Regarding filming with Ewan McGregor while he is portraying dual roles, co-star Mary Elizabeth Winstead said, "For some takes, I was standing with Ewan's double and for some takes, I was standing with Ewan." She added, "Watching how the doubles interact with him and have to learn his way of walking and his posture and his way of standing was interesting. They make it feel very natural and grounded and real. They're reading the lines and the scenes are existing as they would regularly, just swapping out the people. Which is somewhat strange, but it still doesn't feel like you're doing a trick of any sort."

===Visual style===
As with the previous two seasons, the third season had a visual style, achieved through color grading by removing the blue channel. Noah Hawley described the technique, saying "So you take the blue channel on the digital image and you just dial it out.

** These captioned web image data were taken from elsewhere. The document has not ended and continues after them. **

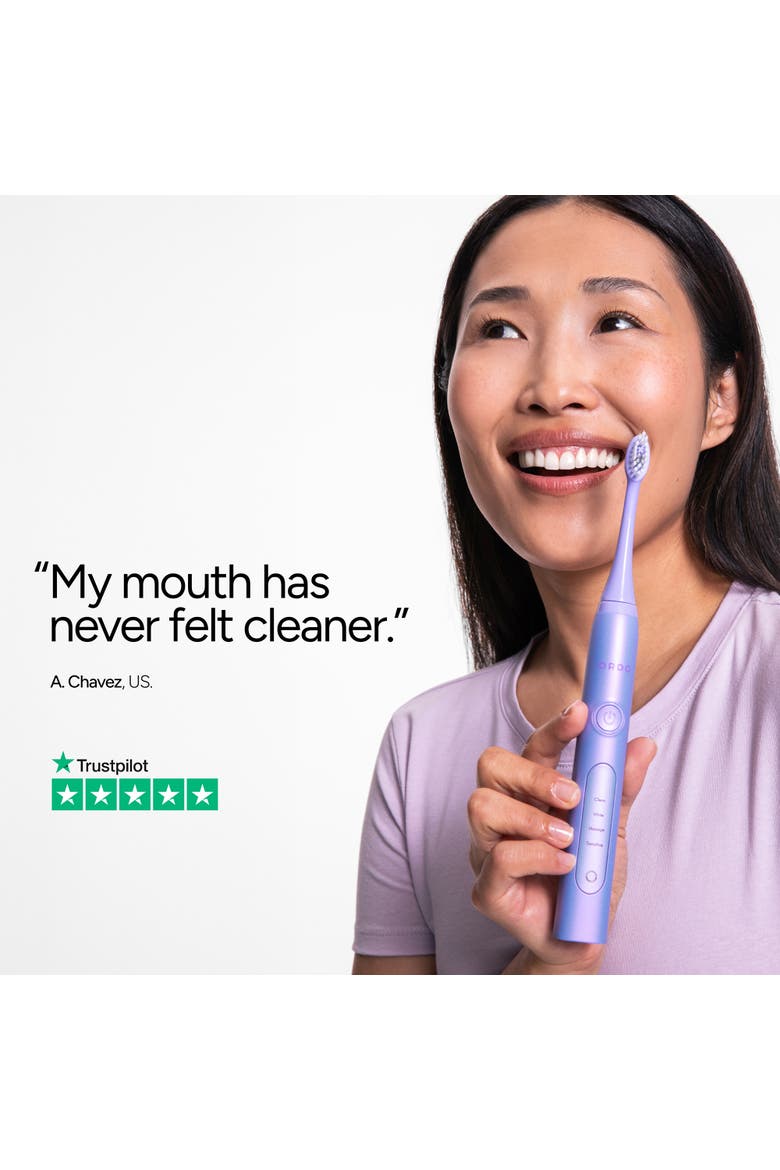 Sonic Plus Electric Toothbrush, Alternate, color, Pearl Violet
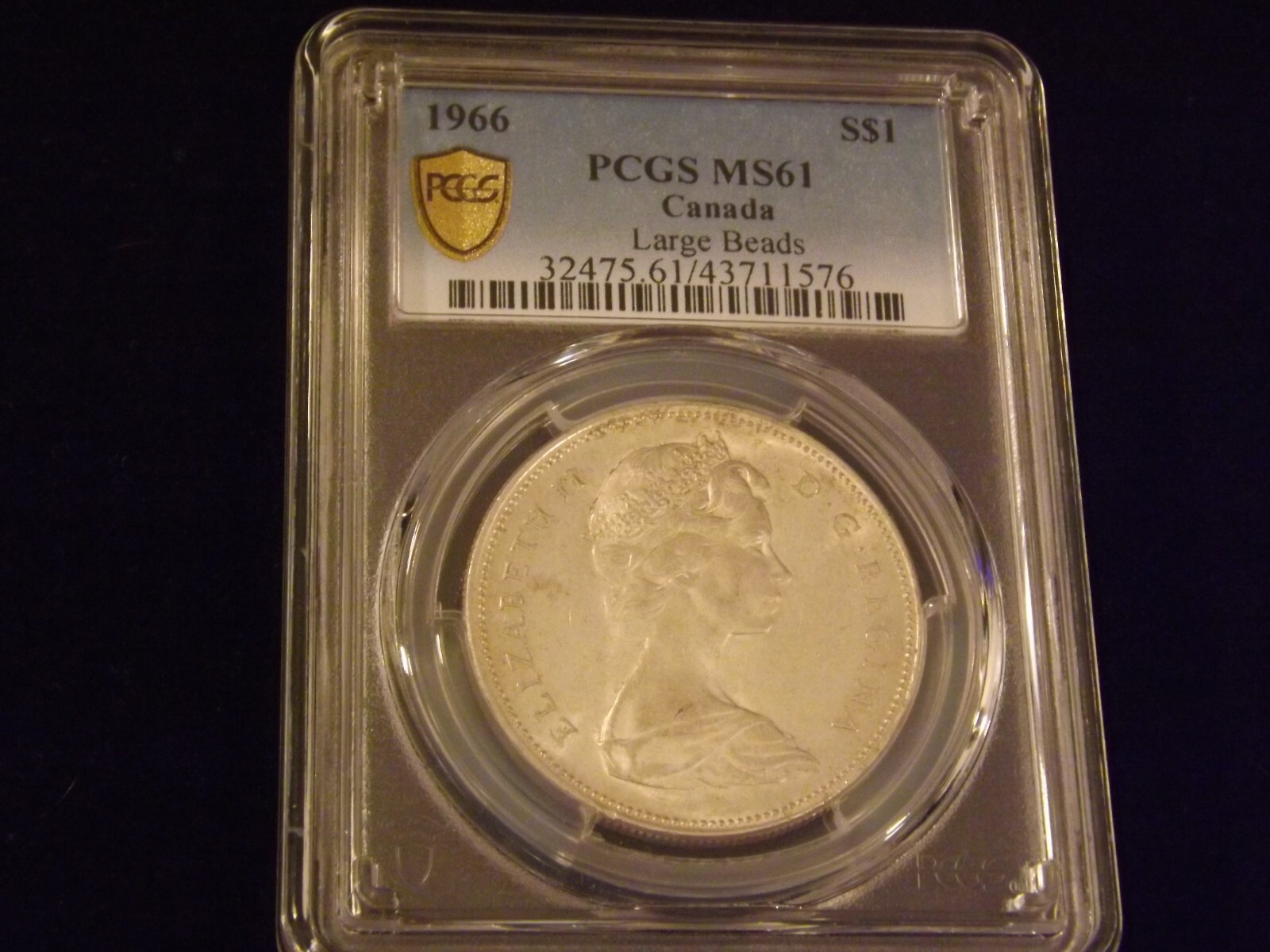 1966     S$1          Canada             PCGS  MS 61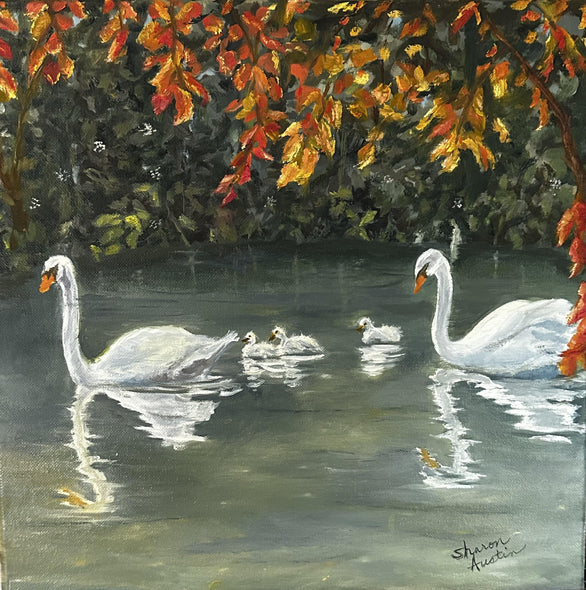 Sharon Austin Title: Five Swans-A-Swimming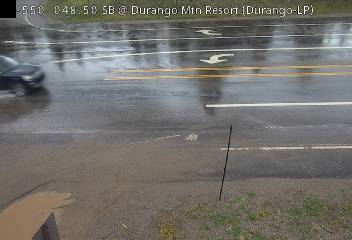 US 550 MP 048.60 SB : 0.6 miles S of Purgatory Blvd — Looking at Roadway road camera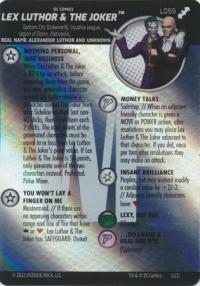 heroclix heroclix batman team up lex luthor the joker l059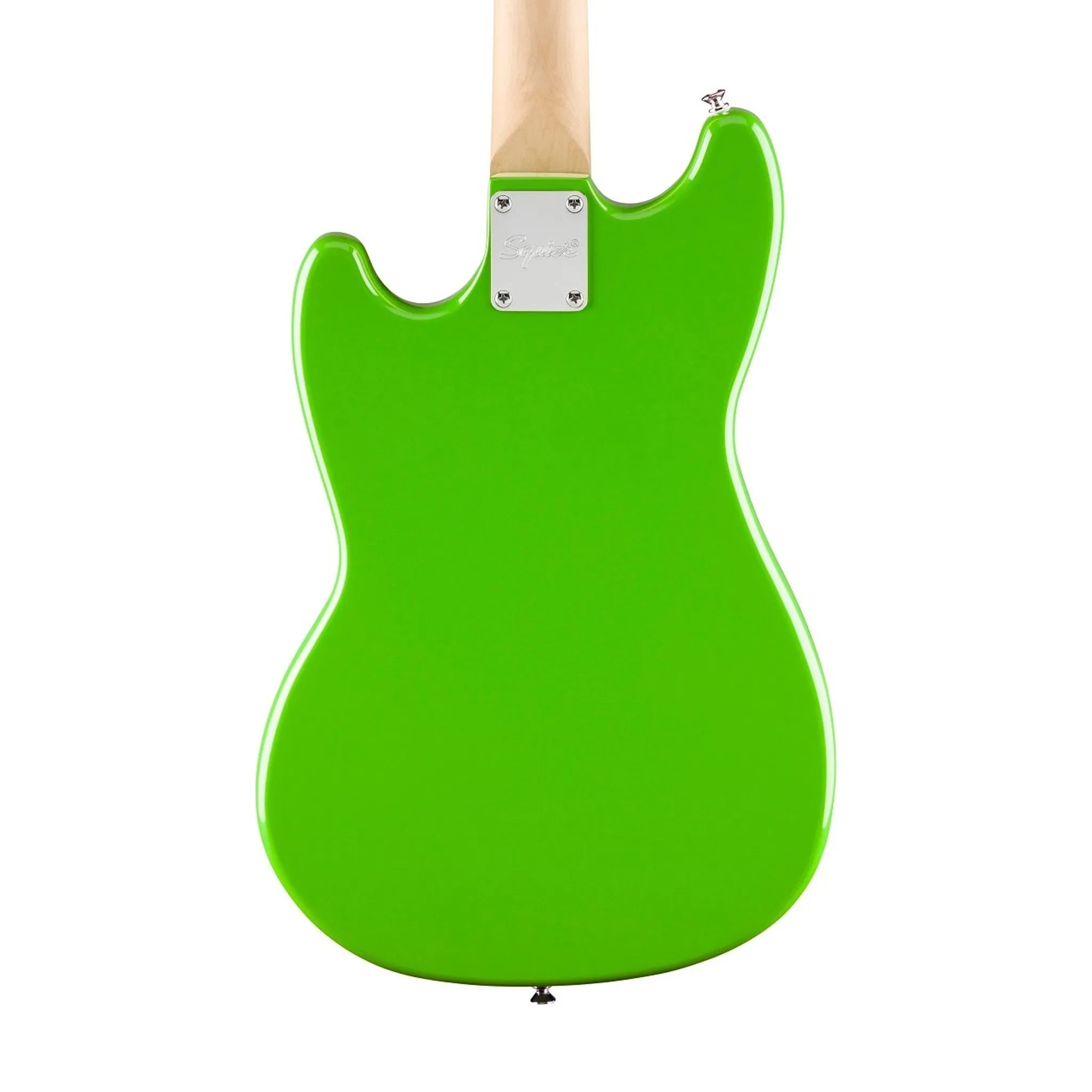 Squier FSR Sonic Bronco Bass Guitar, Maple FB, Lime Green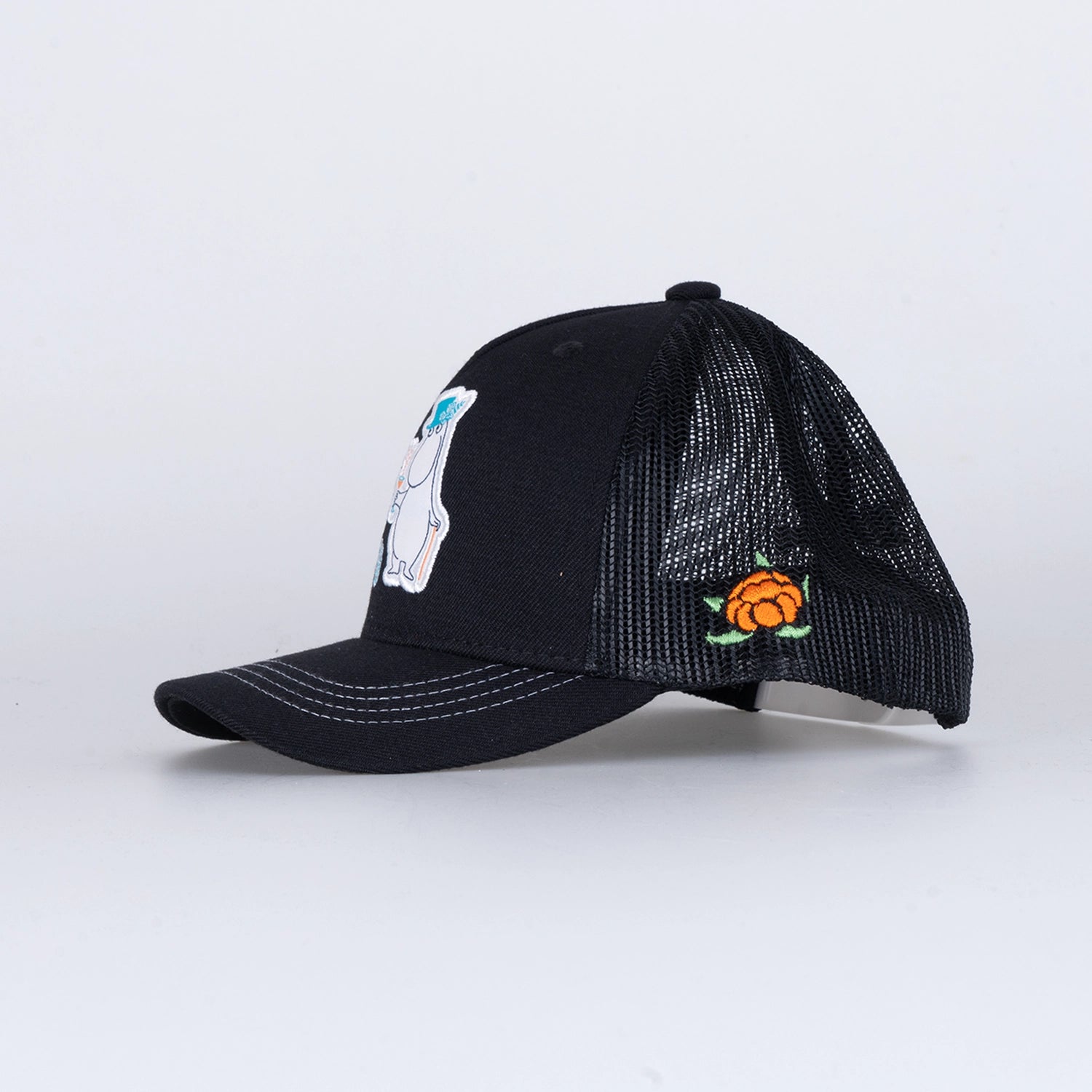 CHEERS MOOMIN KIDS TRUCKER CAP - BLACK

And what you end up with is a very distinctive look in which colors like red and orange and yellow; they just really pop in a different way. Usually in cold weather you add blue, because blue denotes cold. So it was interesting to take the blue out and see what it did to the image. And once we did that it became clear that it doesn't look at all like any of the other years, which I really liked."

==Reception==

===Reviews===
The third season has received acclaim from critics. On Metacritic, it has a score of 89 out of 100 based on 32 reviews. On Rotten Tomatoes, it has a 93% rating with an average score of 8.5 out of 10 based on 225 reviews. The site's critical consensus reads: "Thanks in part to a memorable dual performance from Ewan McGregor, Fargo mostly maintains the sly wit and off-kilter sensibility it displayed in its first two seasons."

===Accolades===

In addition to the 6 Emmy nominations listed below, the series earned an additional ten nominations in various technical and creative categories.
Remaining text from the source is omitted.